One of our fair city’s happiest features is the number and quality of its independent book shops. (And antique malls and art galleries and bars dispensing locally brewed ale, but they’re another topic altogether.)
Depending on the owners’ inclinations and interests, these shops provide for bargain hunters (lots of scruffy secondhand paperbacks), antiquarians (noble, venerable volumes on topics few persons write about these days), specialists (cooks, watercolorists, sailors, francophiles), and even people who just love reading a good story on paper, not electrons. I’m very fond of all of them, and do love browsing on a showery afternoon — it keeps me out of the hot-chocolate bars.
So you will not be surprised that my attention was caught by a newsy clipping about books a good friend gave me a few months back. And not just because it was an actual cutting from a genuine paper newspaper, either.
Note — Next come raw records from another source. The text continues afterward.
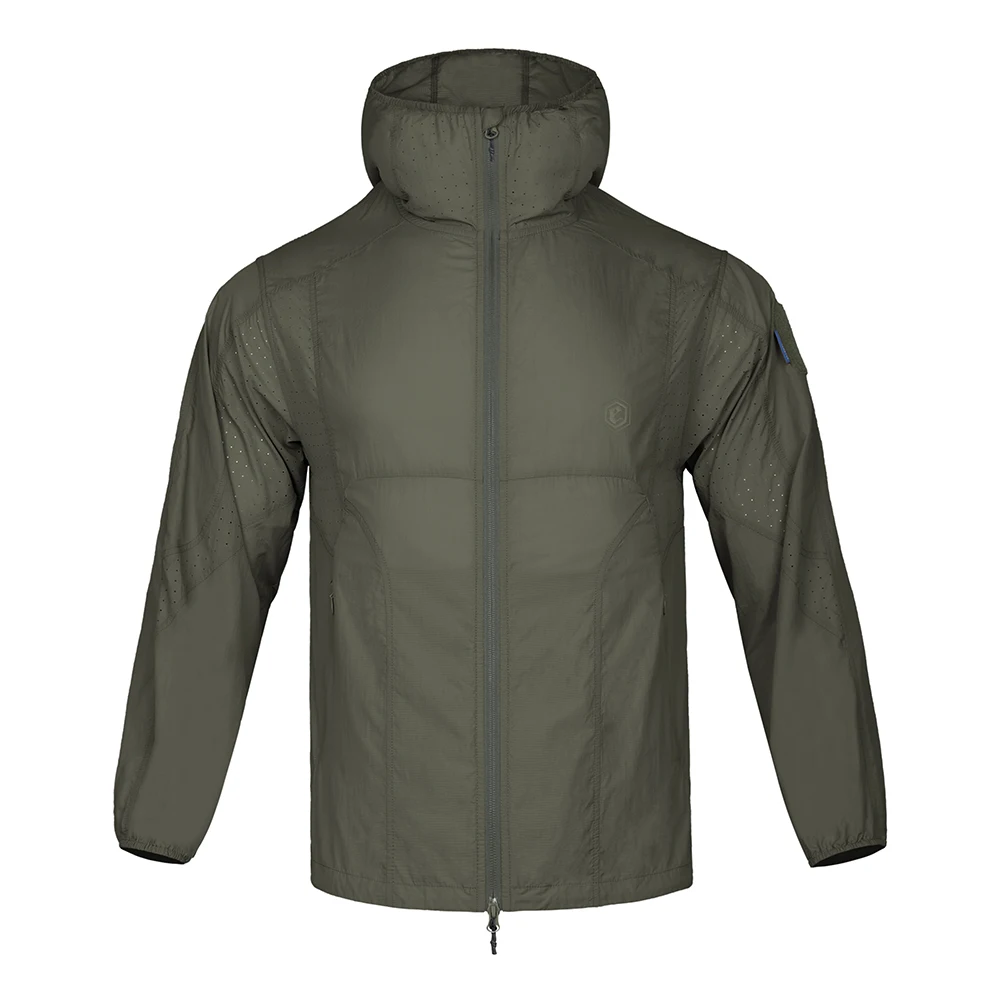 Emersongear BlueLabel Abrigo protector solar “Wing de murciélago” ultraligero UPF100+ Chaqueta impermeable para exteriores Camping Urban Nylon EMB9733 - imagen 2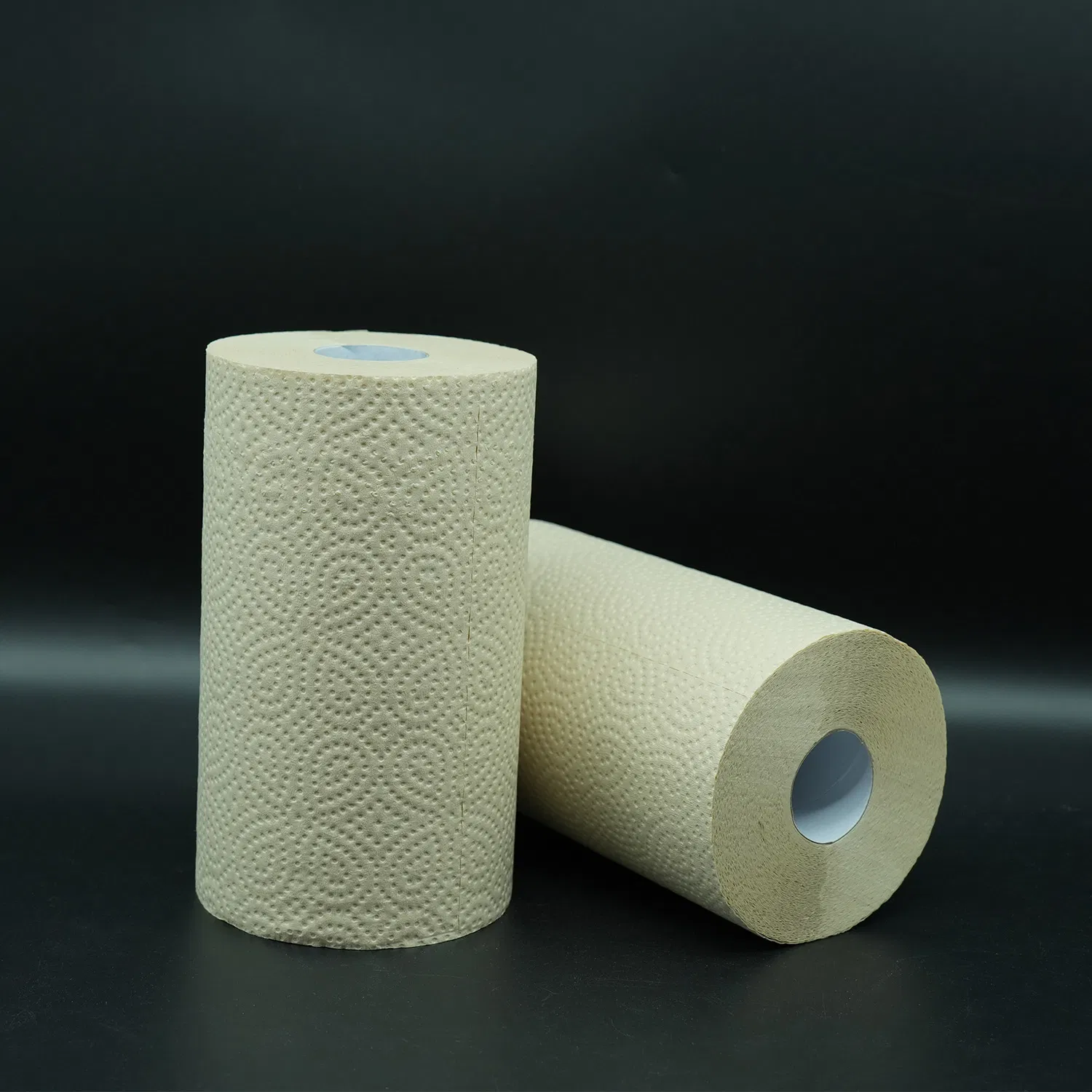 OEM/ODM/BSCI Factory Eco-Friendly 2ply/3ply Soft Absorbent White Bleached/Unbleached Bamboo Kitchen Paper Towels
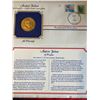 Image 1 : President Medals Cover Collection 1990 ANDREW JACKSON with Stamps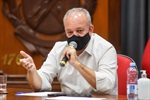 Presidente da Câmara Municipal de Piracicaba (SP), vereador Gilmar Rotta (Cidadania)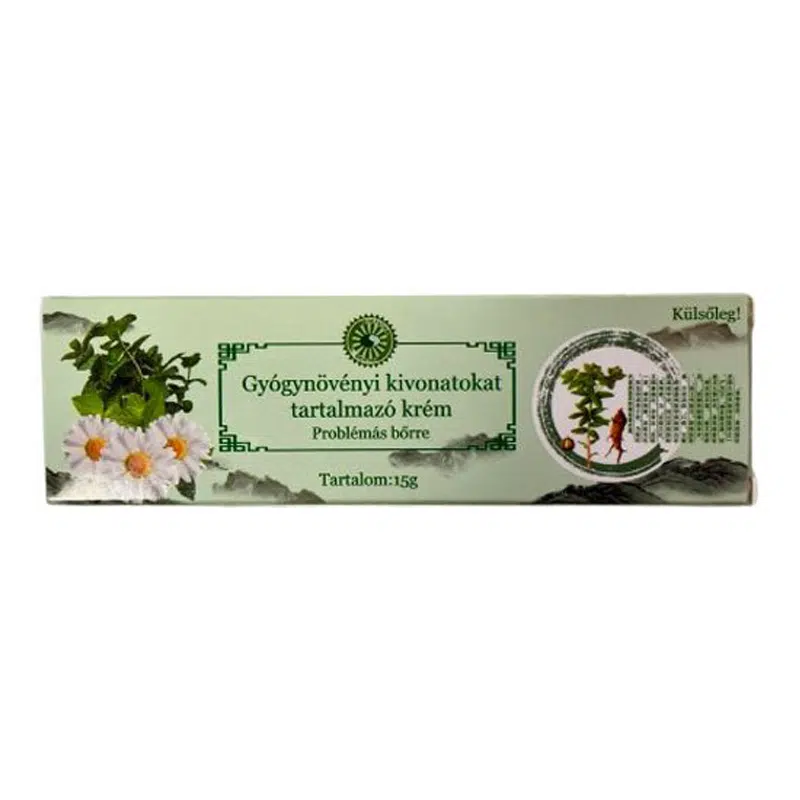 Sun Moon Gyógynövényi kivonatokat tartalmazó krém - 15g 1 Sun Moon Gyógynövényi kivonatokat tartalmazó krém - 15g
Orca Books, a close-to-perfect Olympia bookshop (the resident cat puts a heavy paw on the scale of my judgment), was “going co-op.” This did not mean it was going to start selling bulk quinoa or bean coffee (we have actual food co-ops for that). Rather, it was encouraging Olympians to pony up a bit of cash to form a co-op to run the store and keep the owner from going straight to a Dickensian poor-house.
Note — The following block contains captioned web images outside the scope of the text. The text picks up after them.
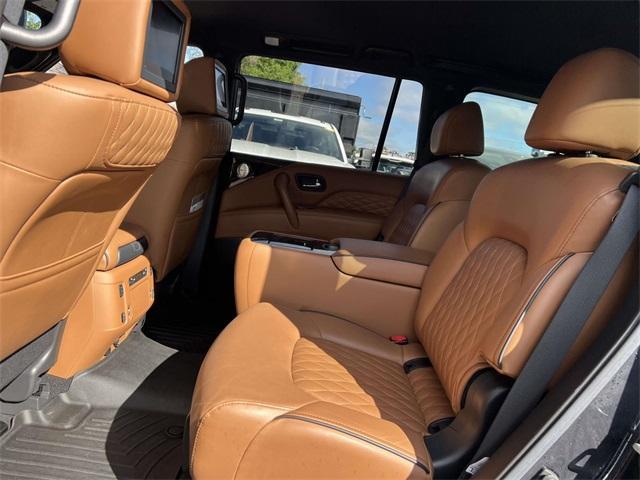 used 2021 INFINITI QX80 car, priced at $42,500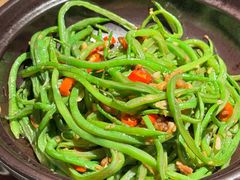 砂煲扁豆丝-吴莊(罗湖喜荟城店)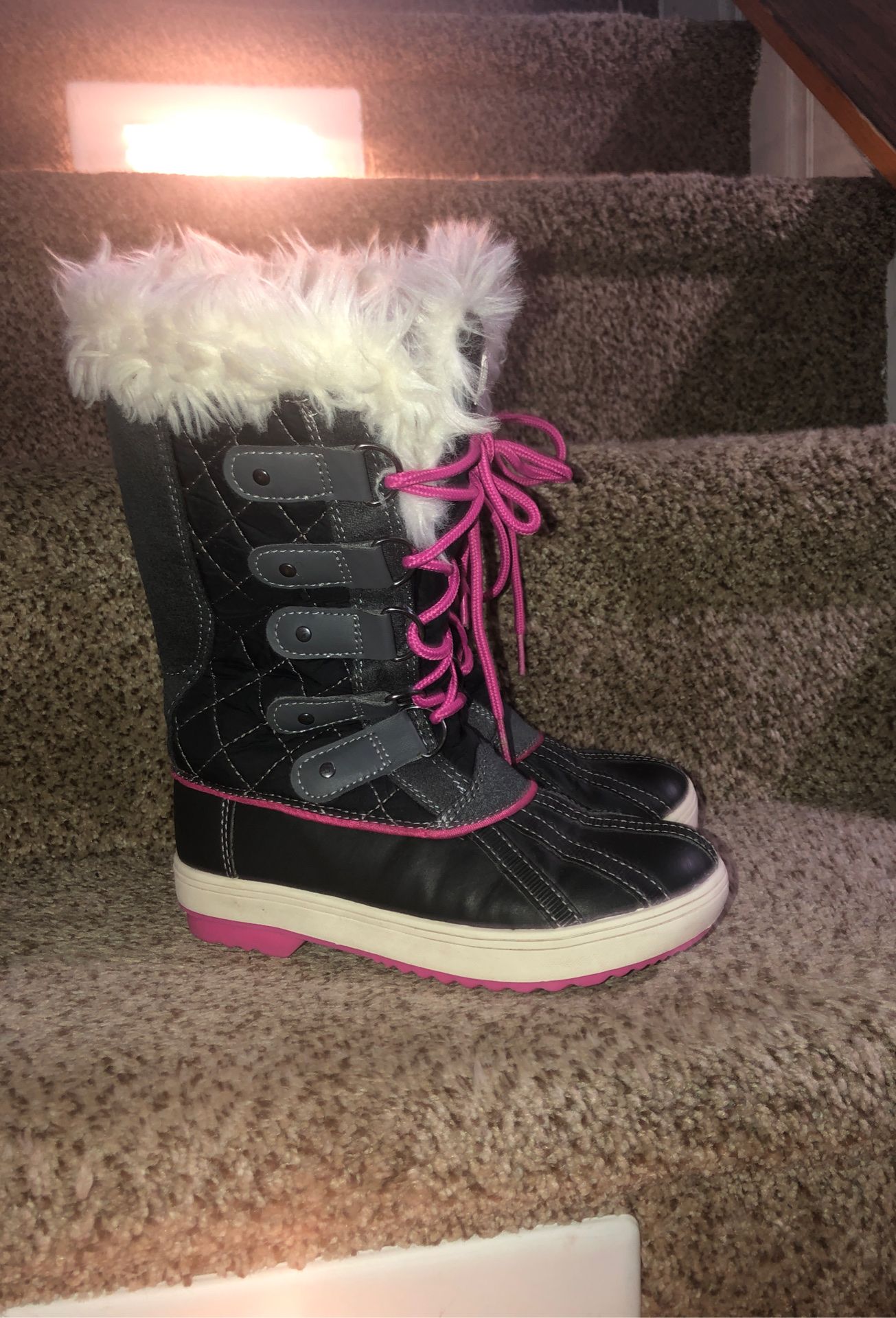 Totes girls winter boots size 13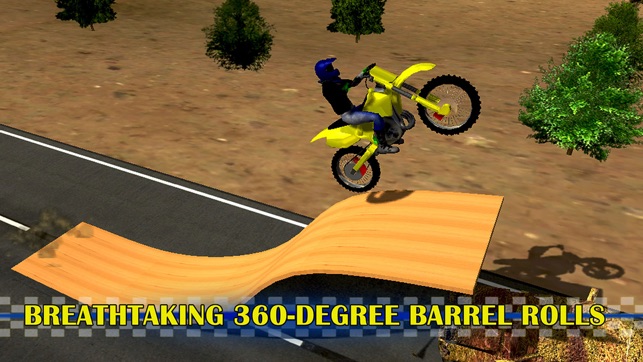 Moto Stunt Bike Simulator 3D - Furious high speed motorbike (圖2)-速報App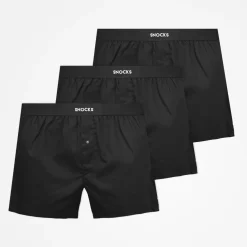American Boxershorts mit Gummibund aus Bio-Baumwolle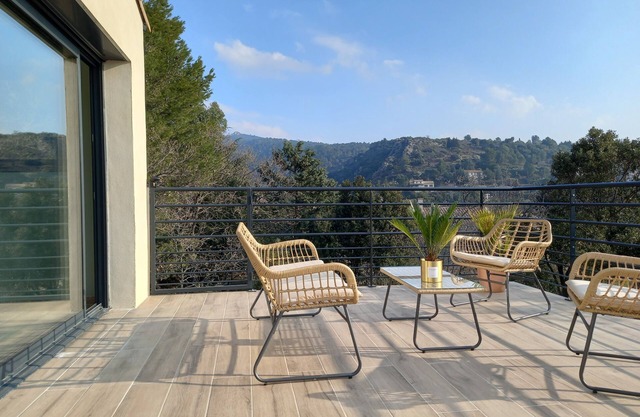 House with magnificent view
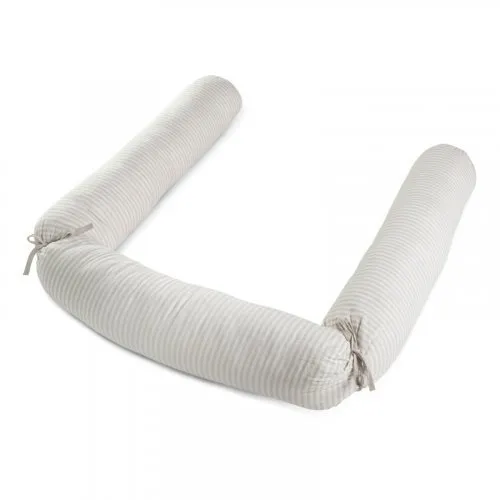 nanan-riduttore-montessori-beige-imbottito-per-lettino-neonato image 1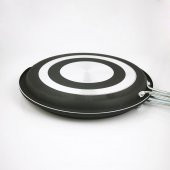 Teflon Çift Taraflı Balık Krep Gözleme Börek Tavası 32cm - 3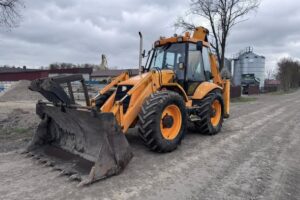 JCB backhoe loader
“Orca Books offers the community a chance to keep an anchor institution downtown that helps define Olympia’s identity,” said John McNamara
Read more here.
I immediately ran over and signed up. Good things don’t flourish without a little water, some fertilizer, and a shot of Milk of Human Kindness. (See aforementioned cocoa.)
So when I found myself wondering where else An Abecedarium of Ornaments could find an enthusiastic readership, Orca Books was very high on my list.
I ankled on over, and the kind lady behind the counter was prepared to agree. Which means you can now find the Ornament Book on an actual, brick-and-mortar, bookshop shelf. Sensibly parked on the one marked “Local authors.”